Petróleo dispara: Brent sobe cerca de 55%, o que representa um recorde histórico mensal, superando o avanço de 46% registrado em setembro de 1990, durante a Guerra do Golfo (Montagem/Canva/Exame)
Repórter
Publicado em 30 de março de 2026 às 16h49.
Os preços do petróleo seguem em forte alta e caminham para um fechamento mensal histórico, em meio à intensificação das tensões no Oriente Médio e ao avanço da guerra envolvendo Irã, Estados Unidos e Israel.
Os contratos futuros do Brent, referência mundial, estão prestes a registrar a maior valorização mensal desde a criação do contrato, impulsionados pela escalada do conflito no Oriente Médio, que já entra em sua quinta semana, e por novas ameaças dos Estados Unidos à infraestrutura energética iraniana.
Nesta segunda-feira, 30, o Brent com vencimento em junho avançou 1,96%, a US$ 107,39 por barril.
Já a referência nos Estados Unidos, o WTI, com contrato para maio subiu 3,25%, encerrando a US$ 102,88 por barril, marcando o primeiro fechamento acima de US$ 100 desde julho de 2022 e renovando as máximas pela segunda sessão consecutiva.

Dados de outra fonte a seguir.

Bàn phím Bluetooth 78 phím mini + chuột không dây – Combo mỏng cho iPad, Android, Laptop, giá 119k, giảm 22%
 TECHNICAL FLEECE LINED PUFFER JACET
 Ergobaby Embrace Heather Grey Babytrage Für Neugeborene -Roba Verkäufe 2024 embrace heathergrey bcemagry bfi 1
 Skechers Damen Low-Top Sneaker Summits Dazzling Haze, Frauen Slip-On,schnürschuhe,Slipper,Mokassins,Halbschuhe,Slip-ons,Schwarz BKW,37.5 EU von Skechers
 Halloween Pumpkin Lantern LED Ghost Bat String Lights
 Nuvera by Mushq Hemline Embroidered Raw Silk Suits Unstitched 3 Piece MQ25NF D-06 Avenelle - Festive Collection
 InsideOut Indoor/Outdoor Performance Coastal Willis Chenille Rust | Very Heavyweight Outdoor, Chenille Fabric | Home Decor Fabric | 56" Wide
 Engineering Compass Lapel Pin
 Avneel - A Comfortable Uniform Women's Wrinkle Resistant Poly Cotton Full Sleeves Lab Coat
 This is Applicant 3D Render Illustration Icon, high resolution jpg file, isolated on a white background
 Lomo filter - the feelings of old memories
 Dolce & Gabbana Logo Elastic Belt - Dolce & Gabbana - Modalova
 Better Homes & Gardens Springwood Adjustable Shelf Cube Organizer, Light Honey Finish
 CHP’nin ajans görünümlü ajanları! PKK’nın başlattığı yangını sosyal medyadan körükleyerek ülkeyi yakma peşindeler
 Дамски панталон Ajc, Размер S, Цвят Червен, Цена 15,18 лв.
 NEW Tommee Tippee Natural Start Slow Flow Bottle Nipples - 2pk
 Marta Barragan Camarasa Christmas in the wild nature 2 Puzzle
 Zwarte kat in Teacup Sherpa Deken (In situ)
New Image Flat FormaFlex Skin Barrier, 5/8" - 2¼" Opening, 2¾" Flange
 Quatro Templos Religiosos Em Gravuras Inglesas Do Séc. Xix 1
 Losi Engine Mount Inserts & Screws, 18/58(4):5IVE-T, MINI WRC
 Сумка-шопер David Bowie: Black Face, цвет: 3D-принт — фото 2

O movimento dá sequência à forte alta observada na sexta-feira, 27, quando o WTI já havia atingido o maior nível desde julho de 2022, ao fechar a US$ 99,64 por barril, enquanto o Brent avançou a US$ 112,57.
No acumulado de março, os ganhos são expressivos. O Brent sobe cerca de 55%, o que representa um recorde histórico mensal, superando o avanço de 46% registrado em setembro de 1990, durante a Guerra do Golfo.
O WTI também acumula alta próxima de 53% no período, caminhando para o melhor desempenho mensal desde maio de 2020.
A disparada dos preços reflete o aumento do risco geopolítico, especialmente diante do bloqueio do Estreito de Ormuz, responsável por cerca de 20% do fluxo global de petróleo, e da crescente possibilidade de interrupções no fornecimento da commodity.
As tensões se intensificaram após o presidente dos Estados Unidos, Donald Trump, afirmar que o país pode destruir poços de petróleo, usinas de energia e a ilha de Kharg, principal polo exportador do Irã, caso o estreito não seja reaberto. Em paralelo, o republicano declarou que sua opção preferida seria “tomar o petróleo” iraniano, em referência à atuação americana na Venezuela.
O cenário se agravou com o envolvimento direto dos houthis do Iêmen, que anunciaram ataques com mísseis contra alvos militares israelenses, ampliando o risco de que o conflito se espalhe por rotas estratégicas de energia.
Para analistas, esse conjunto de fatores mantém um elevado prêmio de risco nos preços do petróleo. Além do Estreito de Ormuz, cresce a preocupação com possíveis interrupções no Estreito de Bab el-Mandeb, passagem crucial que liga o Golfo de Aden ao Mar Vermelho e por onde transitam entre 4 milhões e 5 milhões de barris por dia.
Especialistas consultados pela CNBC alertam que, caso essas rotas sejam comprometidas, o impacto sobre a oferta global pode ser significativo, elevando ainda mais os preços. Há estimativas de que uma interrupção prolongada no fornecimento do Oriente Médio poderia levar o petróleo a até US$ 150 por barril já em abril.
Ao mesmo tempo, o mercado segue sensível a sinais contraditórios sobre uma possível negociação entre Estados Unidos e Irã. Enquanto a Casa Branca afirma que as conversas “estão avançando bem”, declarações públicas de Teerã indicam resistência, aumentando a volatilidade.